Underlying this view of the future is the technology itself. And we are only beginning to truly understand the limitations and unintended consequences embedded in this often opaque technology.
The fact remains that most of today’s applications of AI are in relatively controlled environments and use cases. But that is rapidly beginning to change.
As it does, highly consequential issues are beginning to emerge. One such issue is something called data shift. This so-called data shift occurs when there is a mismatch between the data used to train machine learning models and the real-world situations in which organizations apply them — something that happens all too often. As organizations place AI into more real-world, dynamic environments, the data shift challenges are multiplying.

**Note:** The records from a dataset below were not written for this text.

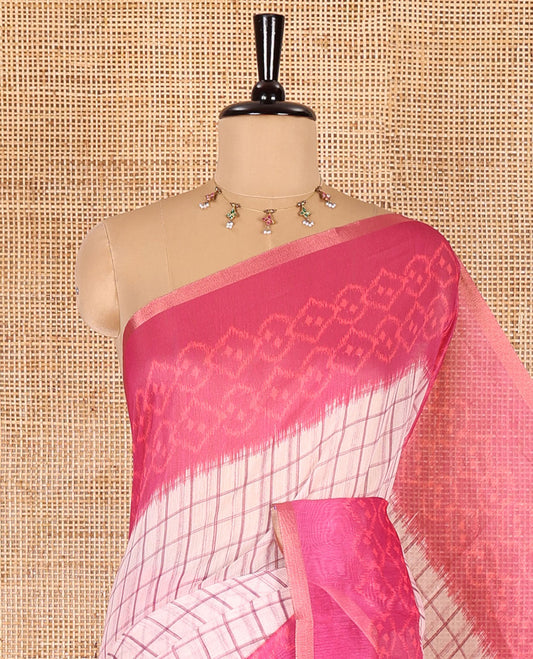 Rani checked linen cotton saree, contrast pochampally style geometric printed border, pochampally printed pallu, and a diamond patterns printed blouse
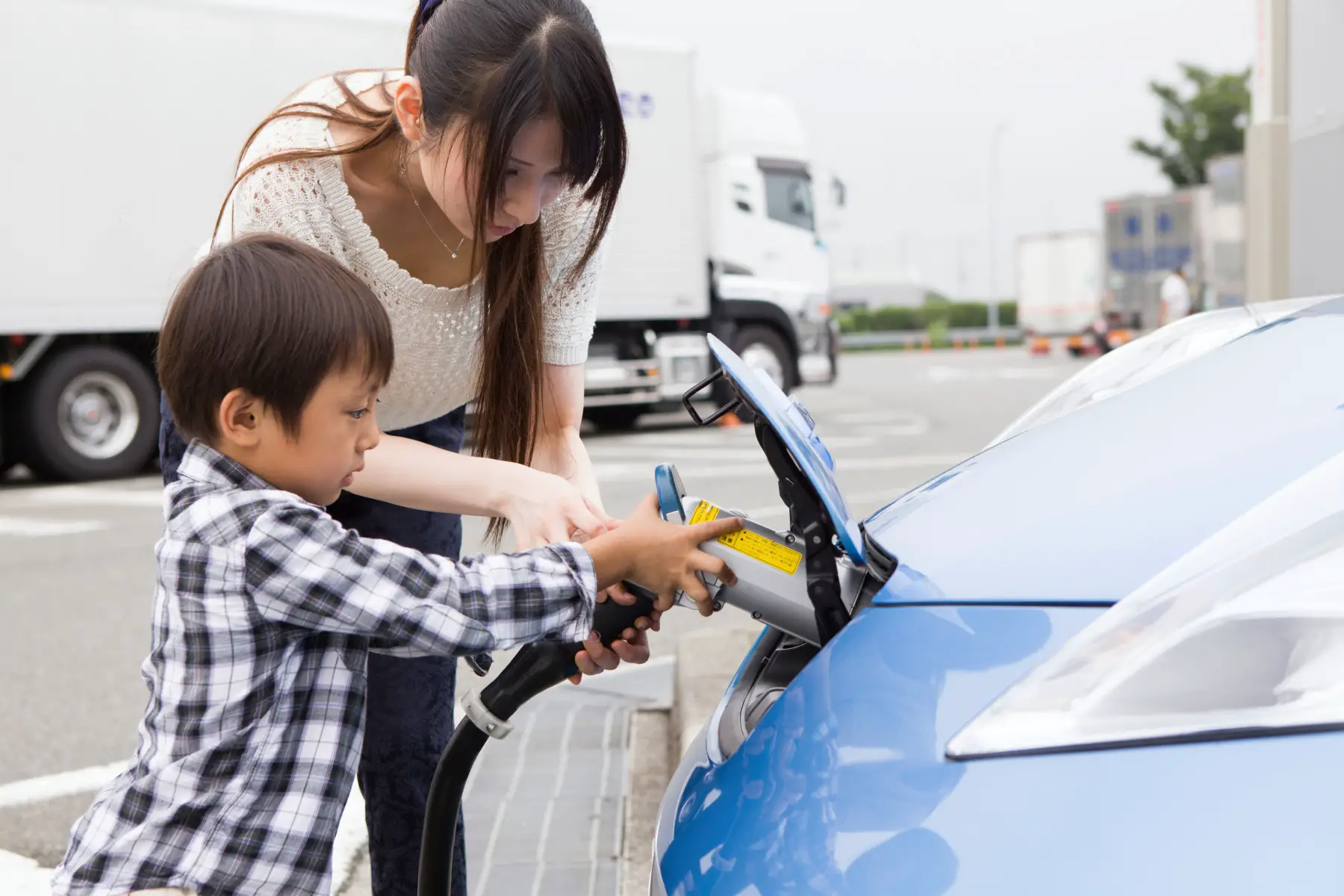 a mother showing her little boy how to charge their electric vehicle 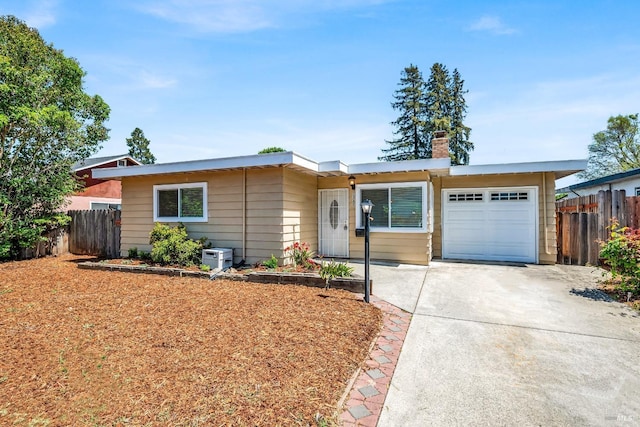 ranch-style home featuring a garage, fence, a chimney, and driveway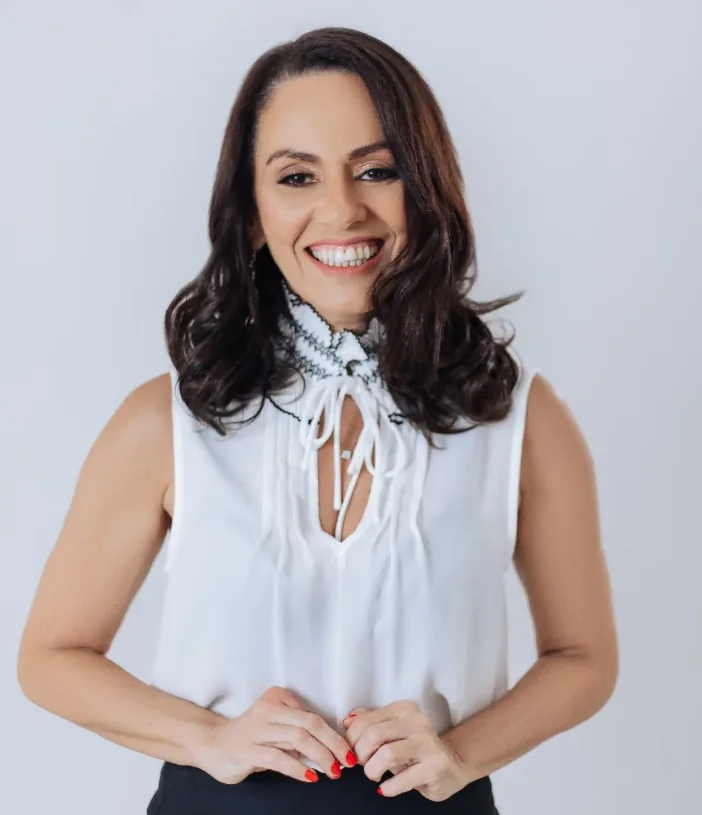 Fátima Pessoa, fonoaudióloga, sorrindo, de blusa branca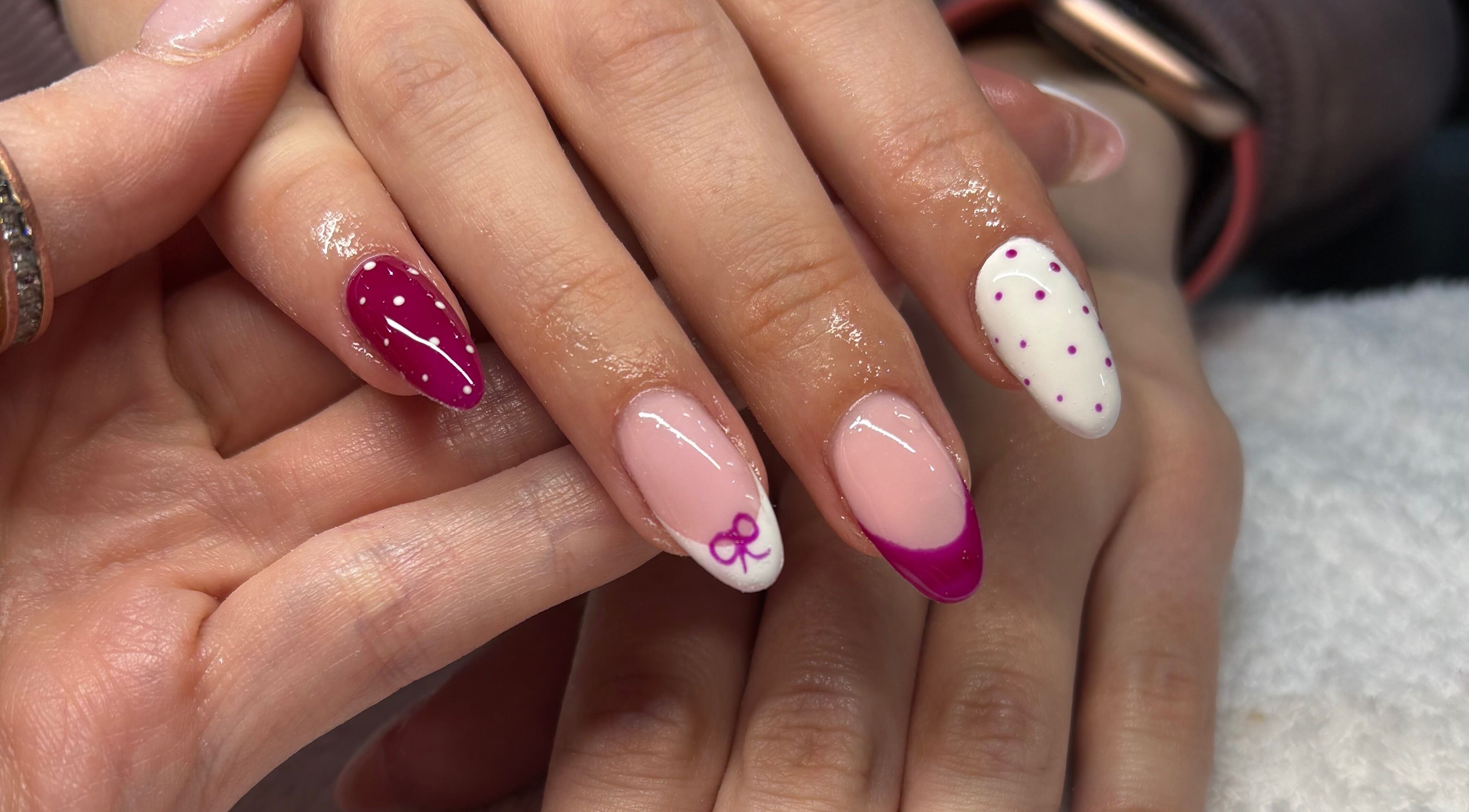 Elegant nail art at Beauty Boss, Dublin, County Dublin, IE with pink and white designs.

But even that may not be the worst of it.
In a recent MIT Technology Review article, senior editor Will Douglas Heaven explains that something called underspecification renders these AI-driven behaviors and actions unpredictable in the real world. He explains:
“The [machine learning] training process can produce many different models that all pass the test but—and this is the crucial part—these models will differ in small, arbitrary ways…These small, often random, differences are typically overlooked if they don’t affect how a model does on the test. But it turns out they can lead to huge variation in performance in the real world.
In other words, the process used to build most machine-learning models today cannot tell which models will work in the real world and which ones won’t.
This is not the same as data shift, where training fails to produce a good model because the training data does not match real-world examples. Underspecification means something different: even if a training process can produce a good model, it could still spit out a bad one because it won’t know the difference. Neither would we.”
The point is that as market demands push enterprises to adopt more AI-based technologies, and as they begin to deploy them at scale in a collaborative fashion with their human workers in the real world, the results will likely become increasingly less predictable.
The Intellyx Take: A Rocky Road to the Future
Central to this challenge is that every enterprise is inherently unique. There are, of course, many aspects of enterprise operations that are common, at least within a given vertical — and it is within these use cases that we are seeing great success from AI-based technologies today.
But as those use cases expand and the collaboration of humans and machines in day-to-day activities proliferate, the risk to the enterprise will likewise expand exponentially.
The need to develop leadership skills to manage this collaboration effectively, combined with the challenges of both data shift and underspecification, will likely put enterprise leaders between the proverbial rock and a hard spot. You will need to leverage this technology to remain competitive, but doing so may unpredictably and uncontrollably increase your operational risk.
While there are no clear-cut answers, there are two critical steps you can begin taking now to give yourself a leg-up as this future emerges.
First, start developing machine-to-human leadership skills now. Don’t wait. While this may feel wildly futuristic, you need to begin preparing your management ranks for a future in which they are managing hybrid, collaborative teams made up of humans and machines — and to deal with all of the ethical, cultural, and interpersonal challenges that will entail.
Second, you must choose your AI partners carefully. The sexiest-looking technology may not, in fact, be the best for your enterprise when it comes to dealing with the issues of data shift and underspecification. Instead, favor those technology partners who are most focused on applying their technologies in the real world and at scale.
Making these investments now will align your organization with the leaders and the technology partners that will be most likely to help you navigate successfully in this risk-fraught future world of work.